Railway station in Lubań, south-western Poland

Lubań Śląski (Lauban) is a railway station in the town of Lubań, within the Lower Silesian Voivodeship, in south-western Poland.

== History ==

=== Pre World War II ===
On 22 January 1862, the Landtag of Prussia approved construction of the Silesian Mountain Railway from Wałbrzych to Węgliniec via Lubań. The city of Görlitz also provided land free of charge to build a direct line to Zgorzelec.

On 13 August 1863, celebrations were held in Lubań and Zgorzelec to mark the beginning of the construction. Construction work began of the Węgliniec–Lubań railway in September of the same year. The first train was tested between Zgorzelec and Lubań on 13 July 1865.

In 1868 a train maintenance depot opened. Electric locomotives were maintained here from 1917. This depot developed into one of the most important depots for the maintenance overhaul of electric locomotives.

The station held its grand opening on 20 September 1865, with the opening of the Węgliniec–Lubań railway and a part of the Wrocław Świebodzki–Zgorzelec railway. The Lubań–Leśna railway opened in 1896.

Electrification of the lines began in the early 1920s. In 1922, the electrification of the Wrocław Świebodzki–Zgorzelec railway to Jelenia Góra was completed, with the electrification to Zgorzelec being completed in 1923. Electrification of the Węgliniec–Lubań railway was completed in 1928.

The town of Lubań including the station and train maintenance depots were severely damaged during World War II.

=== Post World War II ===
After World War II, the area was placed under Polish administration. As a result, Polish State Railways took over the ownership of the station and all lines.
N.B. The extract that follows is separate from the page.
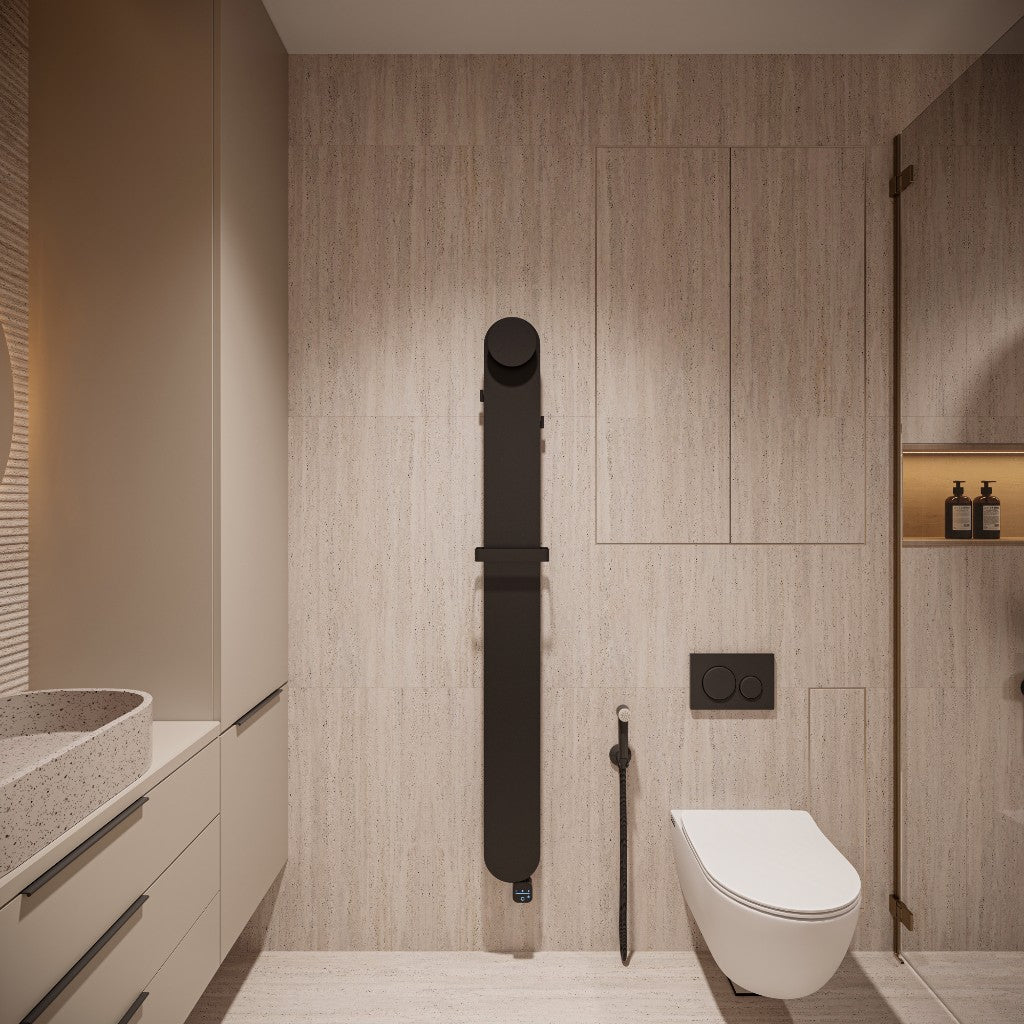 Model O midnight noir 160x1600 — designradiator front in badkamer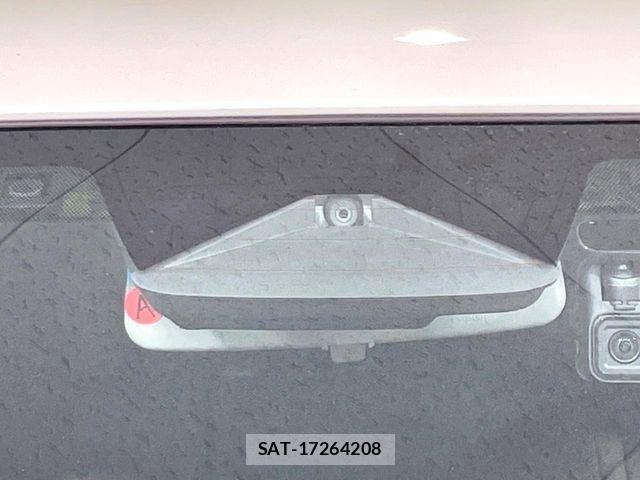 Suzuki Fronx 2025-07 8742377-4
The station was renamed to Lubań. The word Śląski (Polish for Silesian) was added for designation.

In 1946, the one of the lines of track on the Silesian Mountain Railway was dismantled by the Red Army under 'war reparations'. This made the line a single track. Overhead wires were also dismantled.
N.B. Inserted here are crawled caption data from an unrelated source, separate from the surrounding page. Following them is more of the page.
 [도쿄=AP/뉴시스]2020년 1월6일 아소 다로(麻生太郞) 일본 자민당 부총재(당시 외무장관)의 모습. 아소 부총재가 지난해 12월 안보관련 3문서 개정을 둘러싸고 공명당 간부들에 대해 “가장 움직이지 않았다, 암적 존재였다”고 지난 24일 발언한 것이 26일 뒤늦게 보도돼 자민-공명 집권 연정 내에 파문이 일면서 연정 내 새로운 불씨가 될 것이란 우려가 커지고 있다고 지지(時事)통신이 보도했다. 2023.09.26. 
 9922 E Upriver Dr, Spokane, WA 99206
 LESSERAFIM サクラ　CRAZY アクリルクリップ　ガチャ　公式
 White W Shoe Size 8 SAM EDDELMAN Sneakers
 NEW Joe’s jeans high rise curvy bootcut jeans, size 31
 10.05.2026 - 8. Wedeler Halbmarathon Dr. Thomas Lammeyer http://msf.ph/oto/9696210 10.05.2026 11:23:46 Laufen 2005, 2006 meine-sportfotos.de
Despite the lack of connection to an electrified railway, during the 1970s electric locomotives were still being maintained at the depot. Re-electrification of the Wrocław Świebodzki–Zgorzelec railway to Jelenia Góra was completed on 13 December 1986. The line to Görlitz/Zgorzelec wasn't electrified, and instead was downgraded to a branch line.

In 1991 passenger train services on the Lubań–Leśna railway were withdrawn. As a result, the line is now only used by freight trains. In 2000 the train maintenance depots were abandoned as the owner company ZNTK Lubań filed for bankruptcy. In the following years tracks of the depot were dismantled.

Between 2002 and 2008 services to Görlitz/Zgorzelec were suspended. All trains terminated at Lubań Śląski.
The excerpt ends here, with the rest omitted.